##### Data records #####

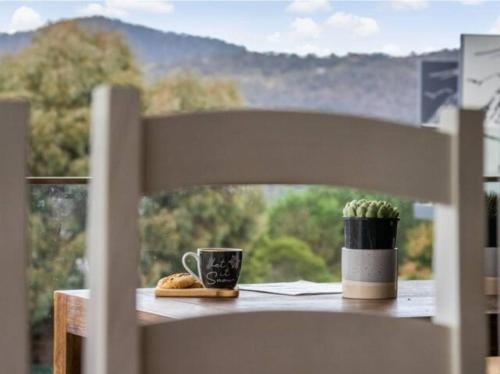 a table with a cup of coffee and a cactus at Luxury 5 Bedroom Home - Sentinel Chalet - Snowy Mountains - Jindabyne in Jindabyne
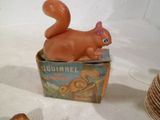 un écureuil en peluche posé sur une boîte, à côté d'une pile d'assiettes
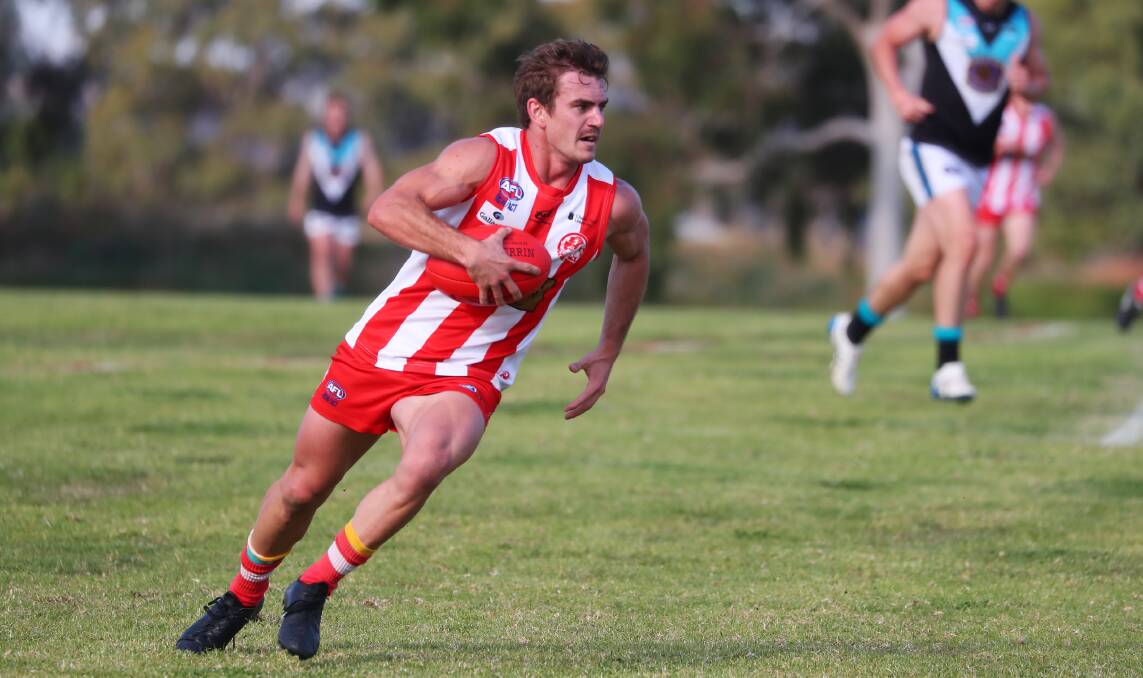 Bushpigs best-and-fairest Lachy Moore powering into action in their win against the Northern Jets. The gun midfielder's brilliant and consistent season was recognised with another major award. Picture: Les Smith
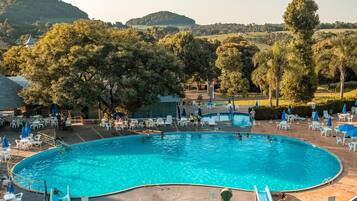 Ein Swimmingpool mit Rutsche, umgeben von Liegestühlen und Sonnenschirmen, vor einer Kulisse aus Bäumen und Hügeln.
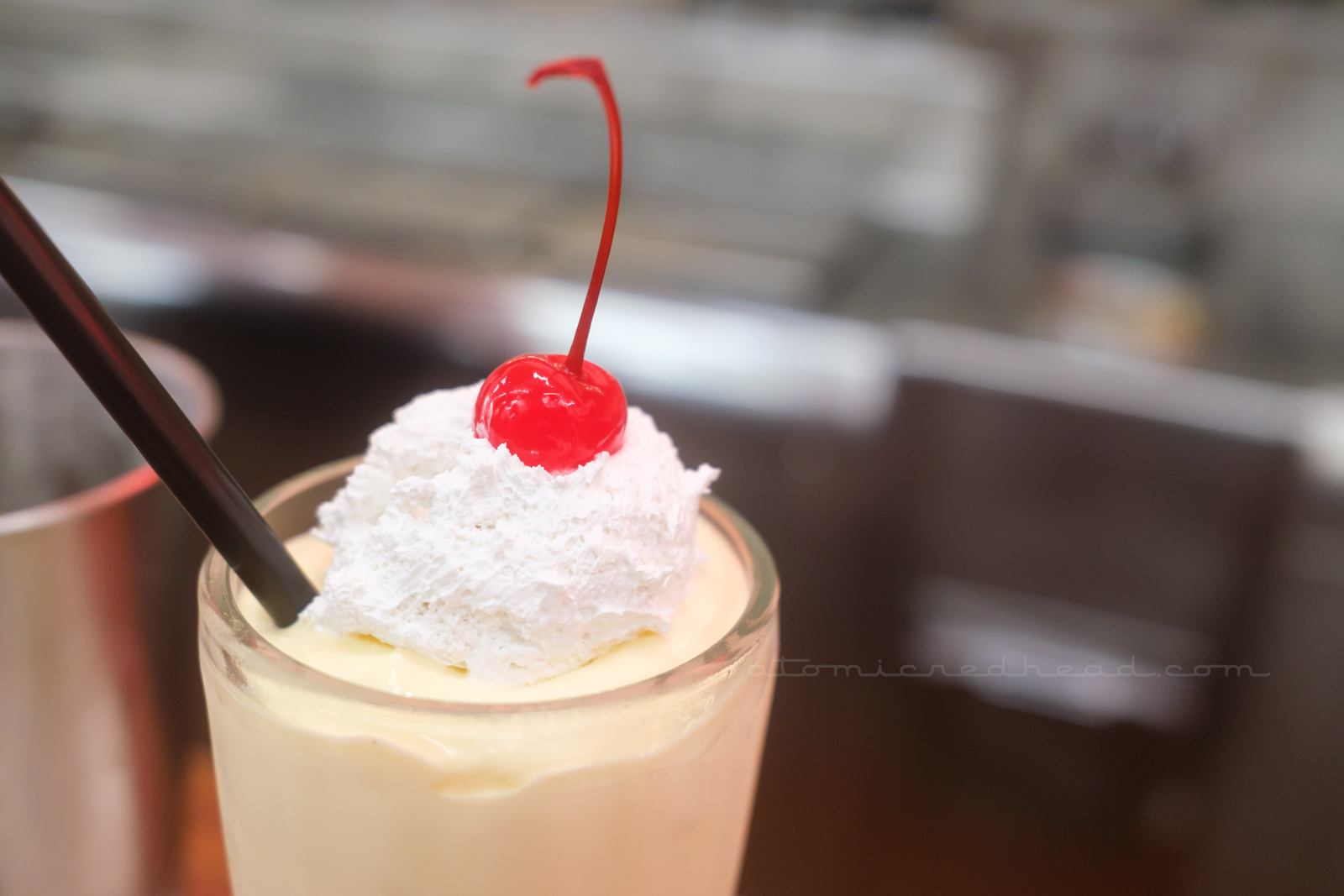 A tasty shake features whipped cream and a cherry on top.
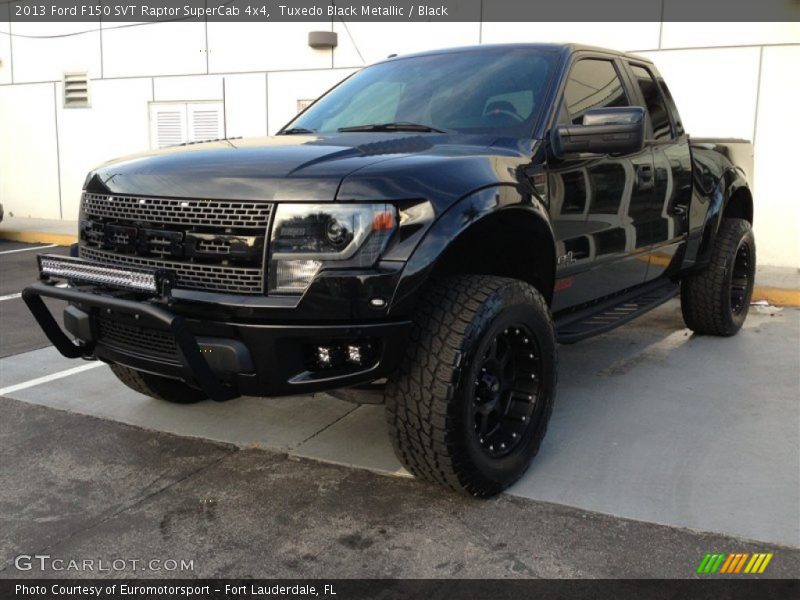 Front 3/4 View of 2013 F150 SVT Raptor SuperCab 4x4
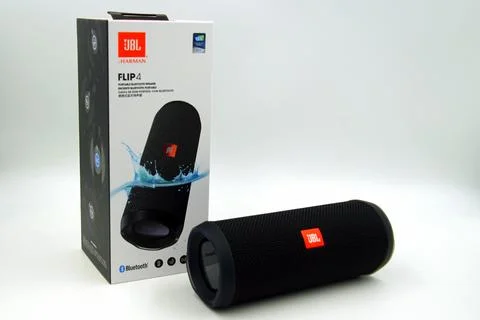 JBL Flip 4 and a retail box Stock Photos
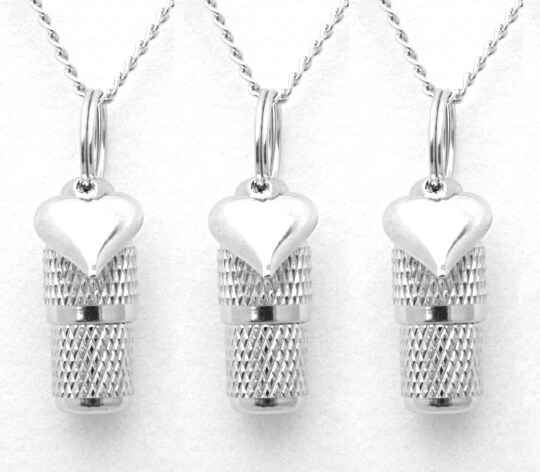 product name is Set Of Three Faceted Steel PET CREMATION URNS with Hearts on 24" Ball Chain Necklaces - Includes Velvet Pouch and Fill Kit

#####
##### Data records #####

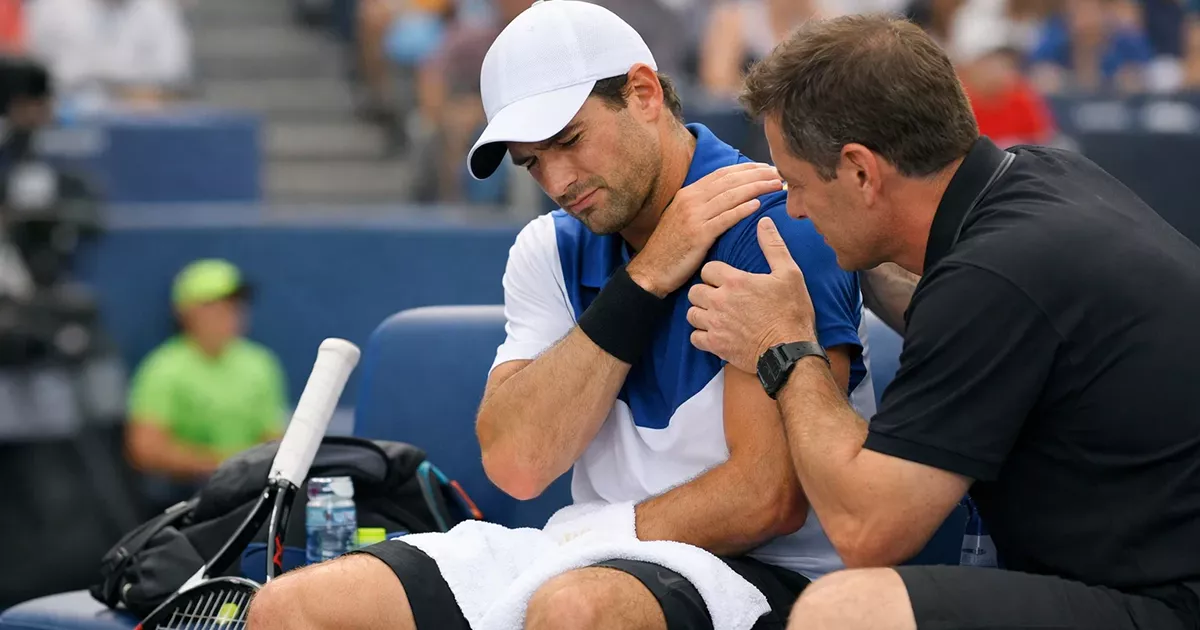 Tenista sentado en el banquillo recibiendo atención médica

#####

» Activity
From the records above, transcribe exactly the lines starting at the one containing "Ein Swimmingpool mit" and ending at the one containing "product name is". Skip the pictures.

» Completed task
 Ein Swimmingpool mit Rutsche, umgeben von Liegestühlen und Sonnenschirmen, vor einer Kulisse aus Bäumen und Hügeln.
 A tasty shake features whipped cream and a cherry on top.
 Front 3/4 View of 2013 F150 SVT Raptor SuperCab 4x4
 JBL Flip 4 and a retail box Stock Photos
 product name is Set Of Three Faceted Steel PET CREMATION URNS with Hearts on 24" Ball Chain Necklaces - Includes Velvet Pouch and Fill Kit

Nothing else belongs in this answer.